# **VR Mini Project - Image Captioning**

## IMT2020039 - Anshul Jindal  
## IMT2020535 - Shreeya Venneti
## IMT2020094 - Riddhi Chatterjee
## IMT2020523 - Kedar Deshpande

# IMPORTING LIBRARIES

Importing all the relevant libraries

In [None]:
import cv2
import numpy as np
import matplotlib.pyplot as plt
import pickle
import string
import random
from tqdm import tqdm

In [None]:
# Uninstall the previous installed nltk library
!pip install -U nltk

# This upgraded nltkto version 3.5 in which meteor_score is there.
!pip install nltk==3.5

In [None]:
import tensorflow
from tensorflow import keras
from keras.preprocessing import sequence
from tensorflow.keras.models import Model
from tensorflow.keras import Input, layers
from tensorflow.keras import optimizers
from tensorflow.keras.utils import to_categorical
from tensorflow.keras.layers import add
from tensorflow.keras.optimizers import Adam
from tensorflow.keras.applications.resnet50 import ResNet50
from tensorflow.keras.preprocessing.sequence import pad_sequences
from tensorflow.keras.callbacks import EarlyStopping
from tensorflow.keras.layers import LSTM, Embedding, Dense, Activation, Flatten, Reshape, Dropout
from tensorflow.keras.layers import Attention
from nltk.translate.bleu_score import sentence_bleu
from nltk.translate.meteor_score import meteor_score
import tensorflow as tf
from keras.layers import concatenate

# Reading the Names of Images and Corresponding Captions

## Opening and Reading the text files

In [None]:
with open("/kaggle/input/flickr/Flickr8k/Flickr8k_text/Flickr_8k.trainImages.txt", "r") as f:
    train_img_names = f.read().split("\n")
    train_img_names = train_img_names[:-1]

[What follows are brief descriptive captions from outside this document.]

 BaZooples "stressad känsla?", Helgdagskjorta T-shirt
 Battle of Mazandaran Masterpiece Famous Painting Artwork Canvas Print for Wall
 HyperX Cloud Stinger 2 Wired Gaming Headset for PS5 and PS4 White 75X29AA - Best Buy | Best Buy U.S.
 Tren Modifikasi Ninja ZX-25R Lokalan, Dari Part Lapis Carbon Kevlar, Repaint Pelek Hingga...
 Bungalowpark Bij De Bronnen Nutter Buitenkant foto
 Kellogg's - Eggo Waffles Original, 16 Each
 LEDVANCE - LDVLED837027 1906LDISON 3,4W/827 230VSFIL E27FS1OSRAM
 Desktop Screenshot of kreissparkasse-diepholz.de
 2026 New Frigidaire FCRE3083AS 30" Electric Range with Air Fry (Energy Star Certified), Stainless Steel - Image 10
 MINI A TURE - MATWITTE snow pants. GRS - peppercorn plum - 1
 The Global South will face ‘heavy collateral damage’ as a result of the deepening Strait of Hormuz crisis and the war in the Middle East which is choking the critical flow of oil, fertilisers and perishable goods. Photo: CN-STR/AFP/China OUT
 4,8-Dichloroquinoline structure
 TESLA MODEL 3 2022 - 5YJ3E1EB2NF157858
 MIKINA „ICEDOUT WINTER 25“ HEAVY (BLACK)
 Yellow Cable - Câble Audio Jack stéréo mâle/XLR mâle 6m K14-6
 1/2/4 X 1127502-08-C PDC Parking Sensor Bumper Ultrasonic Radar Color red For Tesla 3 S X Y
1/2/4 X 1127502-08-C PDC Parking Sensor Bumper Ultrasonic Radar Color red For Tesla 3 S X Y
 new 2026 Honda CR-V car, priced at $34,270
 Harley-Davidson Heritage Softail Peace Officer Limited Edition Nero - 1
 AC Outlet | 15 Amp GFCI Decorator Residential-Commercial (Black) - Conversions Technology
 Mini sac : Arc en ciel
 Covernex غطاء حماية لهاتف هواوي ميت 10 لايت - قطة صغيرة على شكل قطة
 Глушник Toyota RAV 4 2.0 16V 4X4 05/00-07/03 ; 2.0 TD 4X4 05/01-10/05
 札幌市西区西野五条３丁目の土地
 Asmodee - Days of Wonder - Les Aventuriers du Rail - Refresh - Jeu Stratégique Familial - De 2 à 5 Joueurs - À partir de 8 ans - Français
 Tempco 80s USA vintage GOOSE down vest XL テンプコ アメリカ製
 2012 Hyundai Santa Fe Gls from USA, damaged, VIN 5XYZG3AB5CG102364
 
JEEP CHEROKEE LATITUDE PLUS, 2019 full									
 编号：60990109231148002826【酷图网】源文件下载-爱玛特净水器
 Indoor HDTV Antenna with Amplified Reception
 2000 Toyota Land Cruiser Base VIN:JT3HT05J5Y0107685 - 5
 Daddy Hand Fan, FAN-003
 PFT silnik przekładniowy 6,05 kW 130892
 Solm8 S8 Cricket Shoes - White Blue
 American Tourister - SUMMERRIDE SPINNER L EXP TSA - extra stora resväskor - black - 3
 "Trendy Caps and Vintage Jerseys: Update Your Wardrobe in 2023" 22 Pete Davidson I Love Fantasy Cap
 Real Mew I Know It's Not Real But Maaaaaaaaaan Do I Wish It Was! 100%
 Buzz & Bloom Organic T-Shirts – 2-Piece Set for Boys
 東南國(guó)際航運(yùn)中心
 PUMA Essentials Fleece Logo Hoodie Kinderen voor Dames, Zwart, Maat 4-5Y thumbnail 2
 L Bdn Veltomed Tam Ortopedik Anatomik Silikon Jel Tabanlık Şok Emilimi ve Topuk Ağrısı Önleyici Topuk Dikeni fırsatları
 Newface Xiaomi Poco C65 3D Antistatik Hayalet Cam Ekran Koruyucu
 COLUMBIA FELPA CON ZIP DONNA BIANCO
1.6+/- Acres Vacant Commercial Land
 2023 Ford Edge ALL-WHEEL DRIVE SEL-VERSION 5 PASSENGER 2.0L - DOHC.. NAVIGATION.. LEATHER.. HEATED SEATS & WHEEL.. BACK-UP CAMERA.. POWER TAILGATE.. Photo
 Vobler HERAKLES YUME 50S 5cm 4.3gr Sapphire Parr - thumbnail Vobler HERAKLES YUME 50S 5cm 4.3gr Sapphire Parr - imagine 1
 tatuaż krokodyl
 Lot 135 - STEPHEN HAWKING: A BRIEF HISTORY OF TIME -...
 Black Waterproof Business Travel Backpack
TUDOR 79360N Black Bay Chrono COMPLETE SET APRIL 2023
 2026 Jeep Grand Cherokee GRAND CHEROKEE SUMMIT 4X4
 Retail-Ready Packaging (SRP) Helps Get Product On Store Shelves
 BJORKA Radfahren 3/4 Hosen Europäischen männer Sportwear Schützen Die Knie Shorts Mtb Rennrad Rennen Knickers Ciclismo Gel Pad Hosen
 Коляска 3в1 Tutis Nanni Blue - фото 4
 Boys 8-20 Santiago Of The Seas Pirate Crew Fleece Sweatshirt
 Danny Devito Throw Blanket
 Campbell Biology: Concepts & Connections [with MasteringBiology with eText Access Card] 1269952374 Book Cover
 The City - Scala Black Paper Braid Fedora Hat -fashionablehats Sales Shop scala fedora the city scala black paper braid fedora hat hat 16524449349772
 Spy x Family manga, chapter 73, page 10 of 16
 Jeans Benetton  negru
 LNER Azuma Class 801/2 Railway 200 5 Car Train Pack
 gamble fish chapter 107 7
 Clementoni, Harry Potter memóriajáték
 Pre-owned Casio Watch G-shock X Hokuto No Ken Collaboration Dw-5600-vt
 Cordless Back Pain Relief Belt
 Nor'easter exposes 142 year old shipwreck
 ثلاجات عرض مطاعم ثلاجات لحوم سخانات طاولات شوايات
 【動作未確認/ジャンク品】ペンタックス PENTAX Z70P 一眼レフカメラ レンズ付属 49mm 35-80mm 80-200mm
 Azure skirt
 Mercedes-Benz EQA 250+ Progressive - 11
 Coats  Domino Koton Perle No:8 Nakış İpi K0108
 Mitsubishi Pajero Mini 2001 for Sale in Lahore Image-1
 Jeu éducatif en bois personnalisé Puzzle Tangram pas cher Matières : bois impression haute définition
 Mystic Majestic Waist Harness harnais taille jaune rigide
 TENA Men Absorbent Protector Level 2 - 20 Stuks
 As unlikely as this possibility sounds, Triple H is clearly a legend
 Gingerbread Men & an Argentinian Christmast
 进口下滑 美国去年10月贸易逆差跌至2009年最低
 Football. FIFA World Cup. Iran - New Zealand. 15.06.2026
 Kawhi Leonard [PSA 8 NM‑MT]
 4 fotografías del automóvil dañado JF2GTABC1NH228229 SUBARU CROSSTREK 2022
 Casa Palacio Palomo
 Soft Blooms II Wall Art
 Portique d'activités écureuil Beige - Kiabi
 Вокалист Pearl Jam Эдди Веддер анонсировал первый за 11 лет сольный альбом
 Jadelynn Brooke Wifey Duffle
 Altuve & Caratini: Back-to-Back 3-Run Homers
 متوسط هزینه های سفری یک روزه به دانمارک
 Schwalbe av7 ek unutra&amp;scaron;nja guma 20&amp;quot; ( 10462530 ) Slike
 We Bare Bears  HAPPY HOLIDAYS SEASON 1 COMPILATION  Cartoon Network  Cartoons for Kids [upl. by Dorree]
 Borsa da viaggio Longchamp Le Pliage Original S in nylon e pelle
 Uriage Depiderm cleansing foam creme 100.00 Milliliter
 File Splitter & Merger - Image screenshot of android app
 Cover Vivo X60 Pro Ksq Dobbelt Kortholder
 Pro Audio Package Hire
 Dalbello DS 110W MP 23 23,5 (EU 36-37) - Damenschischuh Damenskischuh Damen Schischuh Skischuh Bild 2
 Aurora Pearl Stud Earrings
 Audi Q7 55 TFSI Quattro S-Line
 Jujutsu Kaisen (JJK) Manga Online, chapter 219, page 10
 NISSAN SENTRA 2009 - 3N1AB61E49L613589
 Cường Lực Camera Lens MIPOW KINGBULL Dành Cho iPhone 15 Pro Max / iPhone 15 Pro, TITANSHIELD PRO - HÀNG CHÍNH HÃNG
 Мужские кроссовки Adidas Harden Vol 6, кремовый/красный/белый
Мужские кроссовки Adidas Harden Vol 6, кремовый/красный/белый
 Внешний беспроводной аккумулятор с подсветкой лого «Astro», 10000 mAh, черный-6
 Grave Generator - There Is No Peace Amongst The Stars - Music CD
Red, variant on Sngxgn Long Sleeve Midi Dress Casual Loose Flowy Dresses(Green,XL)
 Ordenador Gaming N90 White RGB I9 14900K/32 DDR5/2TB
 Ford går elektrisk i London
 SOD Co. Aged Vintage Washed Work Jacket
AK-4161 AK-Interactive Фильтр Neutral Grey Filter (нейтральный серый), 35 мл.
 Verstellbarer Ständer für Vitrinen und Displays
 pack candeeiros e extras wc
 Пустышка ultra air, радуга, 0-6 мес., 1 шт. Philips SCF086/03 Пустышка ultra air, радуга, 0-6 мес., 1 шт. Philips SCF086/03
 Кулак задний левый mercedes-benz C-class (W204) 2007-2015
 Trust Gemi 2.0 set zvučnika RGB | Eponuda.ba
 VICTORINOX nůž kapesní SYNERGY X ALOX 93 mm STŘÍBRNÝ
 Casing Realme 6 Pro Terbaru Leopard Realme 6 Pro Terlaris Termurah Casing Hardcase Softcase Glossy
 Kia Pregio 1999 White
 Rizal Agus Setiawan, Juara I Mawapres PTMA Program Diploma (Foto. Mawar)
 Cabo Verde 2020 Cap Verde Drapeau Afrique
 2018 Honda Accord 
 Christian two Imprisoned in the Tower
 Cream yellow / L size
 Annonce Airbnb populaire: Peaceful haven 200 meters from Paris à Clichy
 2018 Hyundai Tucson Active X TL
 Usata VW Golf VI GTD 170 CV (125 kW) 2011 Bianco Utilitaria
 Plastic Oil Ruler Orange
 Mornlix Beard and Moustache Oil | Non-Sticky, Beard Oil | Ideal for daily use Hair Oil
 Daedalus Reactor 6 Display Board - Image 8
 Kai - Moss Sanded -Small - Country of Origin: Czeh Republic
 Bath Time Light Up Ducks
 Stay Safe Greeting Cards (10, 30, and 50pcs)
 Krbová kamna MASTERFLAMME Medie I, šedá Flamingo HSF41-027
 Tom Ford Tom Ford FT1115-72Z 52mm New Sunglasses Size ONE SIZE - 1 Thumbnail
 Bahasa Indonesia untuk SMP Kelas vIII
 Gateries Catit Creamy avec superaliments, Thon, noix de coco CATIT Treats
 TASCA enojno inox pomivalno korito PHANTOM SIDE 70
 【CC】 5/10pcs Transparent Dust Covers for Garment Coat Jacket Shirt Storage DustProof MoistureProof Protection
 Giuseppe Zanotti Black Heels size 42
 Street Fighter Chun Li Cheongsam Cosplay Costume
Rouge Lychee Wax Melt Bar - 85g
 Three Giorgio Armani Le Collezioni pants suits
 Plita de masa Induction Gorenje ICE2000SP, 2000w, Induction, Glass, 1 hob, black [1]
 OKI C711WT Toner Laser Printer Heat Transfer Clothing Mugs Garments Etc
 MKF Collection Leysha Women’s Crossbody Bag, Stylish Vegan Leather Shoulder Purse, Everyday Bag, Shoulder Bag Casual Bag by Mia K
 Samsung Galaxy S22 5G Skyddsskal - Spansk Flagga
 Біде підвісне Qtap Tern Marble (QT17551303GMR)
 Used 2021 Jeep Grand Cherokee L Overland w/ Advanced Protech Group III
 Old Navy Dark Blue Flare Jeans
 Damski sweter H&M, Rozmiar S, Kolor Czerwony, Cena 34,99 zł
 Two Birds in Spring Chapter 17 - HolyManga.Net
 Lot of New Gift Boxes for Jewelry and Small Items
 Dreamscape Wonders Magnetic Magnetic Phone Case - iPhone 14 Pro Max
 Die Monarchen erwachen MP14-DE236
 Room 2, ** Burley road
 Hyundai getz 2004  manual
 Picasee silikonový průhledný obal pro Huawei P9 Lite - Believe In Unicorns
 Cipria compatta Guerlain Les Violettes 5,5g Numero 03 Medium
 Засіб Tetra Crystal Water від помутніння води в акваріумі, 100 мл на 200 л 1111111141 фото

with open("/kaggle/input/flickr/Flickr8k/Flickr8k_text/Flickr_8k.valImages.txt", "r") as f:
    val_img_names = f.read().split("\n")
    val_img_names = val_img_names[:-1]

with open("/kaggle/input/flickr/Flickr8k/Flickr8k_text/Flickr_8k.testImages.txt", "r") as f:
    test_img_names = f.read().split("\n")
    test_img_names = test_img_names[:-1]

In [None]:
train_img_names[0]

In [None]:
with open("/kaggle/input/flickr/Flickr8k/Flickr8k_text/Flickr8k.token.txt", "r") as f:
    captions_list = f.read().split("\n")
    captions_list = captions_list[:-1]

In [None]:
captions_list[0:6]

Thus we can see that each of the image has 5 captions associated with it. They are all independent.

# PREPROCESSING

## 1. Arranging the Captions

Every image has 5 captions associated with it (you can see above). So let us store the these all captions in a **DICTIONARY** where **Key will be the Image Name** and **Value will be the corresponding 5 Captions** for that image. Also, in this process, we can separate image names fro their captions in the above captions list. Doing this will make our further processing easier.

In [None]:
# Initialising the Dictionary
captions_dict = {}

for i in captions_list:
    
    # We split on the basis of "\t" token
    # Take the first part of the split because that only rep the image name
    img_name = i.split("\t")[0] 
    img_name = img_name[:-2]    # Removing #(Num) part from the image name
    
    # Second part of the split will correspond to the captions
    img_caption = i.split("\t")[1]
    
    if img_name in captions_dict.keys():
        captions_dict[img_name].append(img_caption)
    else:
        captions_dict[img_name] = [img_caption]  

In [None]:
# Print the captions for the last image
captions_dict[img_name]

## 2. Splitting into Train, Test and Val

In [None]:
# Also we split this whole dictionary into Train, Test and Val dictionaries
train_dict = {}
test_dict = {}
val_dict = {}

for i in train_img_names:
    train_dict[i] = captions_dict[i].copy()
for i in val_img_names:
    val_dict[i] = captions_dict[i].copy()
for i in test_img_names:
    test_dict[i] = captions_dict[i].copy()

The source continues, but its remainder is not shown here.